Tag Archives: Beetroot

Ingredient Spotlight: Benefits of Beetroot Juice

27 Dec

A Nutra-Ingredients article has recently reported the findings of a study of nitrate-rich beetroot juice; in a study using trained female runners, it was determined that drinking the juice for four days leading up to a running time-trial could greatly improve the runner’s performance.

As little as 140 milliliters per day of beetroot juice proved beneficial for systolic blood pressure and, in turn, a runner’s 5-kilometer performance, as determined by scientists at Sheffield Hallam University.

“Although not statistically significant,” they wrote, “these results suggest beetroot juice supplementation improved 5-km time trial performance over PLA by 31 s (2.4%). Athletes should consider ingesting beetroot juice to improve 5-km running performance.”

The study of beetroot juice and its potential nutritional and cardiovascular benefits has gained momentum in recent years, especially in the United Kingdom. In past studies, scientists from the University of Exeter (U.K.) found that beetroot juice could help individuals increase stamina and exercise for as much as 16% longer; scientists at the University of Maastricht have noted similar improvements in performance among cyclists. Publications in the Journal of Applied Psychology have suggested that the juice’s nitrate content, which helps reduce oxygen uptake, may be responsible for easing [quite effectively] the “tiring effect” of exercising.

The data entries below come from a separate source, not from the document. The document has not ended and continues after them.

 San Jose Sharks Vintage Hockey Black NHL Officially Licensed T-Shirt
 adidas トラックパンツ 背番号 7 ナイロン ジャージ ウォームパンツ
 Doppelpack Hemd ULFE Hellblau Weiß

That particular study was led by Professor Andy Jones, who offered a brief summary: “Our study is the first to show that nitrate-rich food can increase exercise endurance. We were amazed by the effects of beetroot juice on oxygen uptake because these effects cannot be achieved by any other known means, including training.”

In the new study, led by Robyn Lancely and her co-workers, a double-blind “crossover design” with repeated measures a two-week washout period was used to determine whether supplementation of beetroot juice would affect 5-km running time-trial performance.

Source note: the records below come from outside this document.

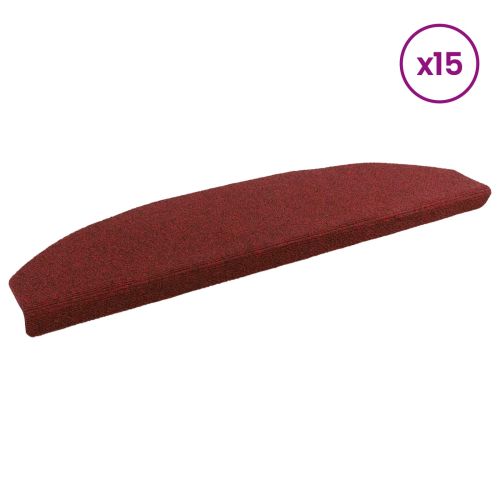 Самозалепващи стъпаловидни постелки 15 pcs Бордо червен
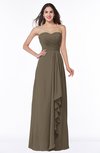 ColsBM Mira Carafe Brown Classic A-line Zipper Chiffon Floor Length Plus Size Bridesmaid Dresses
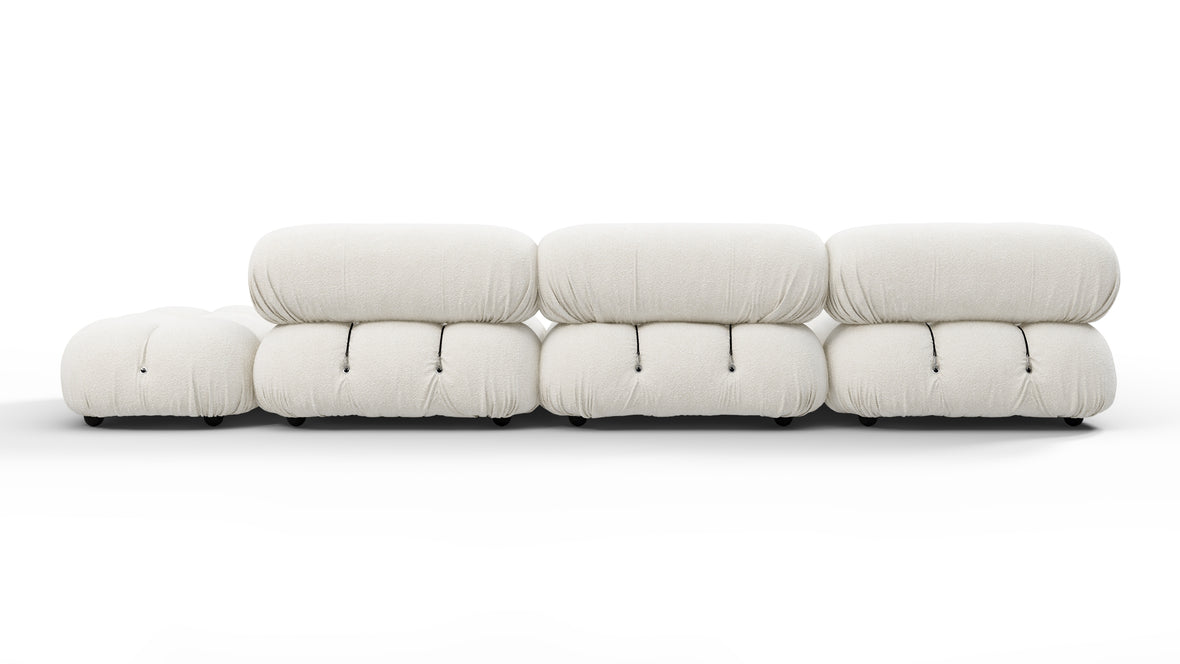 Belia - Belia Sectional, Left Corner, White Boucle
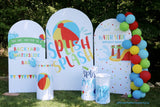 Allenjoy Chiara Backdrop Wall Set Arched Wall Set Birthday&Baby Shower&Wedding Party Decoration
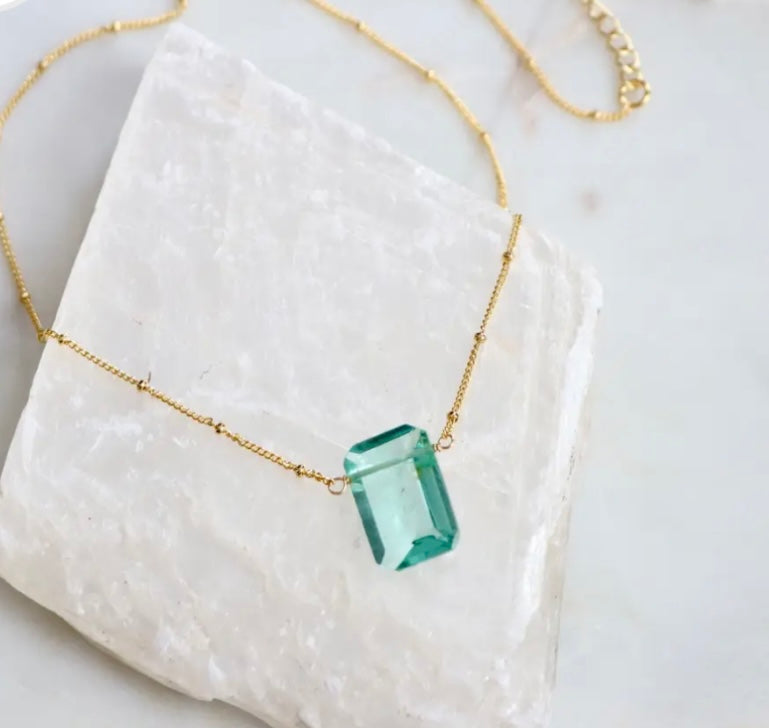 Necklace | Aquamarine Quartz Necklace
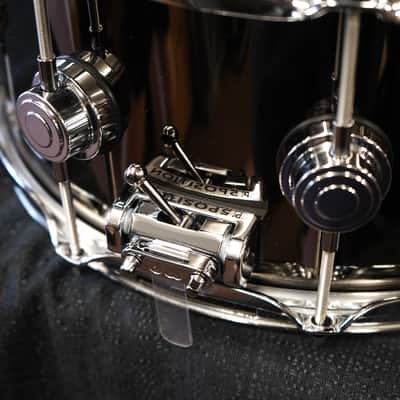 DW Collectors Series #DRVB6514SUC Black Nickel Over Brass 6.5x14" Snare Drum w/ Chrome Hardware image 7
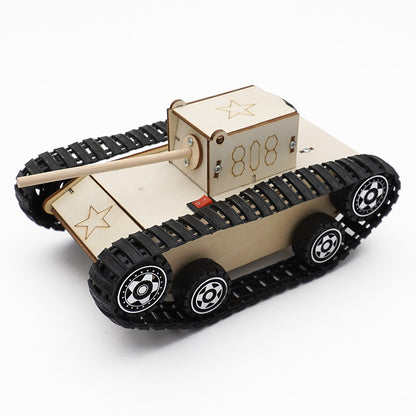Play N Learn Discover & Assemble Battery Operated Military Tank | STEM Build Kit
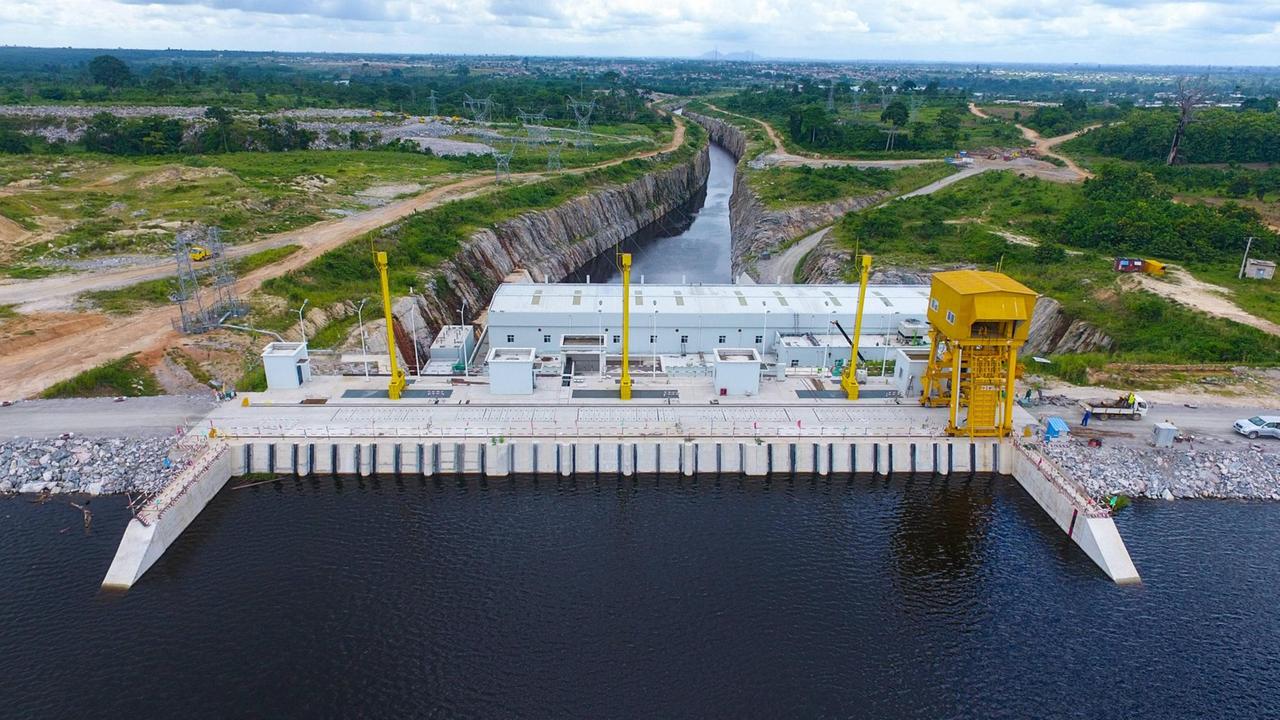 Der Soubre-Damm, bisher größtes Wasserkraftwerk der Elfenbeinküste.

Eleven trained female runners with an average age of 20 were assigned to receive 140 mL of the juice per day, as compared to no supplementation and a placebo. While there were no major differences in systolic blood pressure among the groups, the researchers identified a trend toward reductions following consumption of the juice; those who consumed it had an average value of 114 mmHg, compared to 122 mmHg for the control intervention and 120 mmHg for the placebo intervention.

“One km split times were similar between conditions except for the 2nd km where beetroot juice was faster than control by 16 seconds and placebo by 12 seconds.”